Recorded data
- Opening Delimiter -

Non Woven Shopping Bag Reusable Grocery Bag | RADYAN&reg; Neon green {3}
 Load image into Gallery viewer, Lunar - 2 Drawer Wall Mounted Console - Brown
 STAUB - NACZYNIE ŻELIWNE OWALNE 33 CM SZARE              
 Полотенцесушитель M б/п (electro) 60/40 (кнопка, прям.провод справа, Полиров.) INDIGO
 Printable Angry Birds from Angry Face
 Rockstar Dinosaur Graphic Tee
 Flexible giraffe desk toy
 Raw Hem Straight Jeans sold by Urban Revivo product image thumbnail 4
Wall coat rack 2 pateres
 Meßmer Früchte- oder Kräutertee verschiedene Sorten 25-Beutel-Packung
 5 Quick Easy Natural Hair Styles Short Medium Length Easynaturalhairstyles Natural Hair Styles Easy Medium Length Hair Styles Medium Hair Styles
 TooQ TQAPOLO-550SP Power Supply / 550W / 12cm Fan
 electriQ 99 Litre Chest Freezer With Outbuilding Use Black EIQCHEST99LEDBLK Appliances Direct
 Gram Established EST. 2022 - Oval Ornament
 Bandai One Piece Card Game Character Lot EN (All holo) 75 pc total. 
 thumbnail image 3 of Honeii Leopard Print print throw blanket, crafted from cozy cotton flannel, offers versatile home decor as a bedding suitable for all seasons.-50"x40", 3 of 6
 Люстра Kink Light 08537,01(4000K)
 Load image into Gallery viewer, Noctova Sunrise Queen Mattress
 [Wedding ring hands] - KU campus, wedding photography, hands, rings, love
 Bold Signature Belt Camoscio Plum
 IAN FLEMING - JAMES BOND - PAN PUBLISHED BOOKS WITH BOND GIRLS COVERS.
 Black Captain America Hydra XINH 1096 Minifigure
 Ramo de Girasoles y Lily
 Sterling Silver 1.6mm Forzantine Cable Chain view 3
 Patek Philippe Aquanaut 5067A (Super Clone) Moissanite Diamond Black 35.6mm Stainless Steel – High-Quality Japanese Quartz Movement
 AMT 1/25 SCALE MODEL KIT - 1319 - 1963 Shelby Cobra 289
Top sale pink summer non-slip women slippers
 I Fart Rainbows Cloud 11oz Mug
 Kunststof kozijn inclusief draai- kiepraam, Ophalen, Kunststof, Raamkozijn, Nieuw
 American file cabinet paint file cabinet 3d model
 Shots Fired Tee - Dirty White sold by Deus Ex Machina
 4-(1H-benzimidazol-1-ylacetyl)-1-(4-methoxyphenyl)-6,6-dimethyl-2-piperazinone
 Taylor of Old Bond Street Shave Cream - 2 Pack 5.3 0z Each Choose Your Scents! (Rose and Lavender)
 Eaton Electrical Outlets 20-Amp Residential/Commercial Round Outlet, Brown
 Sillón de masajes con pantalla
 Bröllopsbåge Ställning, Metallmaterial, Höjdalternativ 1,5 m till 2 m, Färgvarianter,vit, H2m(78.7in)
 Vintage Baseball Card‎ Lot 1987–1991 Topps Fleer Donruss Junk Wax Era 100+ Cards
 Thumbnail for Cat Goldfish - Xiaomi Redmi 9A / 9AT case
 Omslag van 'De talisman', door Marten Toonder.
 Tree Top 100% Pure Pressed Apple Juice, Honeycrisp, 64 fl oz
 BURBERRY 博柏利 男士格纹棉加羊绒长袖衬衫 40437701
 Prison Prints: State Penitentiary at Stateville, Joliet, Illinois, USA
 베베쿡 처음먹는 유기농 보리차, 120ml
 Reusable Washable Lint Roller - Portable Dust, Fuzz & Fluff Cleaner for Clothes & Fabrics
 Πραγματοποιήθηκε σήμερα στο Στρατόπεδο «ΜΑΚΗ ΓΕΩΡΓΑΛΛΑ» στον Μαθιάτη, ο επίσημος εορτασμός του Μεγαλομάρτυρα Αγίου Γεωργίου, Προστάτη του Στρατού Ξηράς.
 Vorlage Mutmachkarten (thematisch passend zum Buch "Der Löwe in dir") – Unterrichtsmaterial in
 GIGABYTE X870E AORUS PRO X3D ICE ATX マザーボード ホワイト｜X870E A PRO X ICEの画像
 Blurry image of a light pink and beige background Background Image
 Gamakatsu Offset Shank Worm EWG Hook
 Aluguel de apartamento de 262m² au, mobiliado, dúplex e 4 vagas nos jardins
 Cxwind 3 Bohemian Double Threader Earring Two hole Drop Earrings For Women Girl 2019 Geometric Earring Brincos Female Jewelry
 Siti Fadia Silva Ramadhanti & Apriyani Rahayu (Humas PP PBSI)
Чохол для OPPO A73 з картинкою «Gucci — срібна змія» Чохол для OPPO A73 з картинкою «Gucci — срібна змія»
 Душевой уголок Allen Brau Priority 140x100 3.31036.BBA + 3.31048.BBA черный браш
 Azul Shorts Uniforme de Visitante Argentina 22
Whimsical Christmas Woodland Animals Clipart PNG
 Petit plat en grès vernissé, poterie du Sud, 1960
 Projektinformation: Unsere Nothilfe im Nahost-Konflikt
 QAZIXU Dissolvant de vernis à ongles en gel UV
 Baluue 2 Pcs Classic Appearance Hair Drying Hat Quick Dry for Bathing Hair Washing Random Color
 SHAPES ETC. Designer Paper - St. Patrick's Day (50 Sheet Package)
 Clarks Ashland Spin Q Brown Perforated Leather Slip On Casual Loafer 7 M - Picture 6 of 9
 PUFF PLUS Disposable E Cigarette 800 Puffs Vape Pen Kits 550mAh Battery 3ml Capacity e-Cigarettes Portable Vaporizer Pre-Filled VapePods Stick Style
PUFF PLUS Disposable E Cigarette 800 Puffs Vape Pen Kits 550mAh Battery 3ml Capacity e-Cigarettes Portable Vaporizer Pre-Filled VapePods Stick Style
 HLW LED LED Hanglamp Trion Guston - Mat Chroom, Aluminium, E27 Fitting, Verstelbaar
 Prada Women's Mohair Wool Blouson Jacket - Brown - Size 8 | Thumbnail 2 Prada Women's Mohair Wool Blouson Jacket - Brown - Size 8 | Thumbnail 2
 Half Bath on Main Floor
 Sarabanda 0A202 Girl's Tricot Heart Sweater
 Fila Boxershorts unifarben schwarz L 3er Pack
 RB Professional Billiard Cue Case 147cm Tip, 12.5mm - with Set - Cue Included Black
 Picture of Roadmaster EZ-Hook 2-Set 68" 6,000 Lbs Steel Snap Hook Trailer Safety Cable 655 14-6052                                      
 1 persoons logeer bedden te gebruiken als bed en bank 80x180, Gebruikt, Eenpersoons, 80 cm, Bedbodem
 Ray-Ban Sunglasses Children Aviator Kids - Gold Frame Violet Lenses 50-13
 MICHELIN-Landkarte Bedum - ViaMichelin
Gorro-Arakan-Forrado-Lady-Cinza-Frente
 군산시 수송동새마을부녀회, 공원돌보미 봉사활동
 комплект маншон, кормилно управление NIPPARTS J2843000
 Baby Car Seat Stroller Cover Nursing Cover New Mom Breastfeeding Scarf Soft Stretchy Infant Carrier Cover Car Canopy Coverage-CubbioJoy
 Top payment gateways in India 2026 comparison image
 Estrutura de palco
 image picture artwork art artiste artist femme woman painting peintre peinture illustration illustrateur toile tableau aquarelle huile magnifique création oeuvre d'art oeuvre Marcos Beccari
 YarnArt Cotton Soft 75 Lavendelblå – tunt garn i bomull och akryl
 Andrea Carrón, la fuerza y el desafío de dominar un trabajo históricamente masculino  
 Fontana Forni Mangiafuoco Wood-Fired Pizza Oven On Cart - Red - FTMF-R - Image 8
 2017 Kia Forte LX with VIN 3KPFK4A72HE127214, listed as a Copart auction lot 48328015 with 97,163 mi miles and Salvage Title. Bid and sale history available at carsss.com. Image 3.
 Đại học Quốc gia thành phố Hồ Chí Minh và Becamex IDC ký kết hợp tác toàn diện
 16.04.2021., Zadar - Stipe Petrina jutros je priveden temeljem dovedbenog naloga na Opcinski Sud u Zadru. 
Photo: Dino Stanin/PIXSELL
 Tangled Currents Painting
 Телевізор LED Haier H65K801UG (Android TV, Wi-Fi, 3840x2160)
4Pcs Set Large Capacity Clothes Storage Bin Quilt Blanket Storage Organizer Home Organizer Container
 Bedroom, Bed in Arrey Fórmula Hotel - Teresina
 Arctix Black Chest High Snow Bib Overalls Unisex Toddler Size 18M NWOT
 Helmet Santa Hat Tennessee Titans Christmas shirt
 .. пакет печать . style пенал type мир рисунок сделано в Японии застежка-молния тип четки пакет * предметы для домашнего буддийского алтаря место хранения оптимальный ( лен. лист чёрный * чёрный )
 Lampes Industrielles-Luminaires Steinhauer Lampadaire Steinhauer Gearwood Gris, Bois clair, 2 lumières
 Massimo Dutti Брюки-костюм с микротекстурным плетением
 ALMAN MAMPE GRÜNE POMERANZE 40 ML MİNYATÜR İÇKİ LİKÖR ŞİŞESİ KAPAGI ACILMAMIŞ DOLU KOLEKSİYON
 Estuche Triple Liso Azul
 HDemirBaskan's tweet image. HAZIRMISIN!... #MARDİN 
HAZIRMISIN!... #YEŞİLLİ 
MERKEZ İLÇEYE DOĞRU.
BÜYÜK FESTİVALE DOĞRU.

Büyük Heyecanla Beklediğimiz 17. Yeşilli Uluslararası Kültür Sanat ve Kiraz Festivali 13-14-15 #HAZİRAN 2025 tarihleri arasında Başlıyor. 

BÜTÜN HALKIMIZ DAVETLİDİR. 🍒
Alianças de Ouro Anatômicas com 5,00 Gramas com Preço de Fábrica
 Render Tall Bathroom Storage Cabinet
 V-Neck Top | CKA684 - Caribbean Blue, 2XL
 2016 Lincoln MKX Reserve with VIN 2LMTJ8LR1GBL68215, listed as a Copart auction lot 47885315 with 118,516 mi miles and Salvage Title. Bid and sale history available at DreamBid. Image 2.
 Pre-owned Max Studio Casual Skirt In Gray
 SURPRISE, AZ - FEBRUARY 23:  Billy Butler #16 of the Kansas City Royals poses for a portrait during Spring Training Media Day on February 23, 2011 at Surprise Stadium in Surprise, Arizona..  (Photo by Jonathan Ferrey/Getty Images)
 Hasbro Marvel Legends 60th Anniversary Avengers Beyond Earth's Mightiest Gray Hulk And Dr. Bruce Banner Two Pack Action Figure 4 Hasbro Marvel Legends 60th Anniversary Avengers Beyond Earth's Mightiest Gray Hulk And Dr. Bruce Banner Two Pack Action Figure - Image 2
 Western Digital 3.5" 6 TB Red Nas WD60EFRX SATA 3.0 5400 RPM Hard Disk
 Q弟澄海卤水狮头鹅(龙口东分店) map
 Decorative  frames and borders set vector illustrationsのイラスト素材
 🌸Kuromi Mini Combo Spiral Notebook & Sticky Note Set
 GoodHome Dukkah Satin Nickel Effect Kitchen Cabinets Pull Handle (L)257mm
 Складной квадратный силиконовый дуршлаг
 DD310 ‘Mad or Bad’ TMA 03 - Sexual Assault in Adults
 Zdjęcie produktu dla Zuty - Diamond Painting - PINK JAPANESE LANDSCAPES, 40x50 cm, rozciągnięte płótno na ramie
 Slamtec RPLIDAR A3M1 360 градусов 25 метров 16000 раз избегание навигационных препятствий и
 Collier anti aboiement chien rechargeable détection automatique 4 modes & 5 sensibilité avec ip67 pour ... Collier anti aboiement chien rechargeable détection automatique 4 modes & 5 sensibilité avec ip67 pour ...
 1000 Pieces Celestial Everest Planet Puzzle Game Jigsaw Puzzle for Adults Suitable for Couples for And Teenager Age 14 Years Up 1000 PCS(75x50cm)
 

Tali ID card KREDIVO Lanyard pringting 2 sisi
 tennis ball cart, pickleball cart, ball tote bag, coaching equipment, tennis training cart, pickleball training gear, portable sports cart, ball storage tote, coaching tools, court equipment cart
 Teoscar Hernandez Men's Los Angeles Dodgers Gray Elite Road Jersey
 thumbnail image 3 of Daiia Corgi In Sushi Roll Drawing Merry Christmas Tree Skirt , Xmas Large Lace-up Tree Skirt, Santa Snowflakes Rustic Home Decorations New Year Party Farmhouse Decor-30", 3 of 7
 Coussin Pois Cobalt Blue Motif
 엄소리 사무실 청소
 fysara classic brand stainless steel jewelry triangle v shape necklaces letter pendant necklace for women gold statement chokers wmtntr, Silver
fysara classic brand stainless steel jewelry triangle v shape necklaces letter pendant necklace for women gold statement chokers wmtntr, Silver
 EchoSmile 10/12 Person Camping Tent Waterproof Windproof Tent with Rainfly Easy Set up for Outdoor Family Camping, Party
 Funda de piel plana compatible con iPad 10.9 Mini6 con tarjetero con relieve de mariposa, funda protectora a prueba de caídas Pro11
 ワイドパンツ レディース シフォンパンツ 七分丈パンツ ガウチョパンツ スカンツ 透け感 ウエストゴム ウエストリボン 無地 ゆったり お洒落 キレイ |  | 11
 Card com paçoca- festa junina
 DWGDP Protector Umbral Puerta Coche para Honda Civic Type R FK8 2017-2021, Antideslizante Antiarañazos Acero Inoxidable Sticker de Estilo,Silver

- Closing Delimiter -

(Action item) Copying word for word, give each line of the data above from the first one through the line containing "Gram Established EST. 2022 - Oval Ornament", and nothing else.

(Exercise answer)
Non Woven Shopping Bag Reusable Grocery Bag | RADYAN&reg; Neon green {3}
 Load image into Gallery viewer, Lunar - 2 Drawer Wall Mounted Console - Brown
 STAUB - NACZYNIE ŻELIWNE OWALNE 33 CM SZARE              
 Полотенцесушитель M б/п (electro) 60/40 (кнопка, прям.провод справа, Полиров.) INDIGO
 Printable Angry Birds from Angry Face
 Rockstar Dinosaur Graphic Tee
 Flexible giraffe desk toy
 Raw Hem Straight Jeans sold by Urban Revivo product image thumbnail 4
Wall coat rack 2 pateres
 Meßmer Früchte- oder Kräutertee verschiedene Sorten 25-Beutel-Packung
 5 Quick Easy Natural Hair Styles Short Medium Length Easynaturalhairstyles Natural Hair Styles Easy Medium Length Hair Styles Medium Hair Styles
 TooQ TQAPOLO-550SP Power Supply / 550W / 12cm Fan
 electriQ 99 Litre Chest Freezer With Outbuilding Use Black EIQCHEST99LEDBLK Appliances Direct
 Gram Established EST. 2022 - Oval Ornament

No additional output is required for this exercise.